In this section, I used four Sckit learn’s machine learning models- logistic regression, k-nearest neighbor, random forest, and decision tree classifiers- to find the 3 combination of features that resulted in the highest accuracy scores. The accuracy of each combination of three features was then compared to find the combination that resulted in the highest accuracy score.

Code
# Prepare the test data
test_url = "https://raw.githubusercontent.com/middlebury-csci-0451/CSCI-0451/main/data/palmer-penguins/test.csv"


test = pd.read_csv(test_url)
X_test, y_test = prepare_data(test)

# Evaluate the performance of each model on the test data
test_score_LR =  best_LR.score(X_test[best_cols_LR], y_test)
test_score_KNN = best_KNN.score(X_test[best_cols_KNN], y_test)
test_score_RF = best_RF.score(X_test[best_cols_RF], y_test)
test_score_DT = best_DT.score(X_test[best_cols_DT], y_test)

# Print the test scores
print("Test score for LR: " + str(test_score_LR))
print("Test score for KNN: " + str(test_score_KNN))
print("Test score for RF: " + str(test_score_RF))
print("Test score for DT: " + str(test_score_DT))
Test score for LR: 0.9852941176470589
Test score for KNN: 0.9705882352941176
Test score for RF: 0.9705882352941176
Test score for DT: 0.9852941176470589

Our trained models were not able to achieve a 100% accuracy score in the test data.

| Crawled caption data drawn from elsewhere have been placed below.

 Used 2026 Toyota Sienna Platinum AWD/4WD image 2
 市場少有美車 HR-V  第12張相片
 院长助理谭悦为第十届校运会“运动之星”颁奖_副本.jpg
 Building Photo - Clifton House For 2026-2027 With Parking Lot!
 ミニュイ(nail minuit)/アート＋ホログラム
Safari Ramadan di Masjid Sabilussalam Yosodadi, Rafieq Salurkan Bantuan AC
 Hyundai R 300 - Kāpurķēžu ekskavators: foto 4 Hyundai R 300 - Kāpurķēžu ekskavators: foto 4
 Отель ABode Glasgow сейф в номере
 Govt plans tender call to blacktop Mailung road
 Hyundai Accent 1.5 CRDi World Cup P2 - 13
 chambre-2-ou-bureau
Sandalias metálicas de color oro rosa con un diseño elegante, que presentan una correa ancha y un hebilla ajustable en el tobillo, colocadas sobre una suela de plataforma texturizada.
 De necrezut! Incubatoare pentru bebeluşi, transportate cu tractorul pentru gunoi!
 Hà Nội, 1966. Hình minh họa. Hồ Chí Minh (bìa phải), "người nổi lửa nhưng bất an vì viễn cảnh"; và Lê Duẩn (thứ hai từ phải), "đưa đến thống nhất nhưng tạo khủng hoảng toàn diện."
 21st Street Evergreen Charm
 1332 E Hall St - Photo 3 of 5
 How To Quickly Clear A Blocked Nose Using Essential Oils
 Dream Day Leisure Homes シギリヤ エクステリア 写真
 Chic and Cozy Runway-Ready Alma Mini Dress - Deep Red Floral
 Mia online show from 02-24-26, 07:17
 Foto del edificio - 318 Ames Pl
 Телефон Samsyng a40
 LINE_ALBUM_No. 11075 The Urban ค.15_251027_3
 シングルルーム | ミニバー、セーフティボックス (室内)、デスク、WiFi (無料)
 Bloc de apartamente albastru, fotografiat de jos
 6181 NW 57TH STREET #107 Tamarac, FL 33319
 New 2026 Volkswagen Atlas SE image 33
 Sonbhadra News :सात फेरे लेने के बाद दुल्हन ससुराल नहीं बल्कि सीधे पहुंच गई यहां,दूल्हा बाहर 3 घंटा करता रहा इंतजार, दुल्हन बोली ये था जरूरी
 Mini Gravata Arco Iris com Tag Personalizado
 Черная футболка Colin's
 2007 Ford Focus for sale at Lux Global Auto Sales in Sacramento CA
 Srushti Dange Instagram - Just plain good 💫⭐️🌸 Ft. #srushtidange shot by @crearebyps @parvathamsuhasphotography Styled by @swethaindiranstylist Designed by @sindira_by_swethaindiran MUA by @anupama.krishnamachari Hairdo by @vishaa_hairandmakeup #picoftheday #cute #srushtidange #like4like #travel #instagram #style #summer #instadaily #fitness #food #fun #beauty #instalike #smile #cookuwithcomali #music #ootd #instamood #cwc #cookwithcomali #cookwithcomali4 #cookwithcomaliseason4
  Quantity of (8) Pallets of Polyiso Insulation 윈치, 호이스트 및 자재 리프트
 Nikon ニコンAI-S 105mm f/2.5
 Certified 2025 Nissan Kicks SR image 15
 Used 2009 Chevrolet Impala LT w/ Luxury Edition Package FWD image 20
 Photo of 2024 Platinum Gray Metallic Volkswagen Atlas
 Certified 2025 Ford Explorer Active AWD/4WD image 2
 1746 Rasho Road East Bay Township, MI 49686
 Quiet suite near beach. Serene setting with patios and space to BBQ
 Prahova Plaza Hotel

However, we identify that Logistic regression and decision tree yeild the best accuracy scored on classifying penguins. MOving forwards we will consider both Logistic regression and decision tree to be the best model for classifying penguins

Code
from matplotlib.patches import Patch
import matplotlib.pyplot as plt
import numpy as np

def plot_regions(model, X, y):
    
    x0 = X[X.columns[0]]
    x1 = X[X.columns[1]]
    qual_features = X.columns[2:]
    
    fig, axarr = plt.subplots(1, len(qual_features), figsize = (7, 3))

    # create a grid
    grid_x = np.linspace(x0.min(),x0.max(),501)
    grid_y = np.linspace(x1.min(),x1.max(),501)
    xx, yy = np.meshgrid(grid_x, grid_y)
    
    XX = xx.ravel()
    YY = yy.ravel()

    for i in range(len(qual_features)):
      XY = pd.DataFrame({
          X.columns[0] : XX,
          X.columns[1] : YY
      })

      for j in qual_features:
        XY[j] = 0

      XY[qual_features[i]] = 1

      p = model.predict(XY)
      p = p.reshape(xx.shape)
      
      
      # use contour plot to visualize the predictions
      axarr[i].contourf(xx, yy, p, cmap = "jet", alpha = 0.2, vmin = 0, vmax = 2)
      
      ix = X[qual_features[i]] == 1
      # plot the data
      axarr[i].scatter(x0[ix], x1[ix], c = y[ix], cmap = "jet", vmin = 0, vmax = 2)
      
      axarr[i].set(xlabel = X.columns[0], 
            ylabel  = X.columns[1])
      
      patches = []
      for color, spec in zip(["red", "green", "blue"], ["Adelie", "Chinstrap", "Gentoo"]):
        patches.append(Patch(color = color, label = spec))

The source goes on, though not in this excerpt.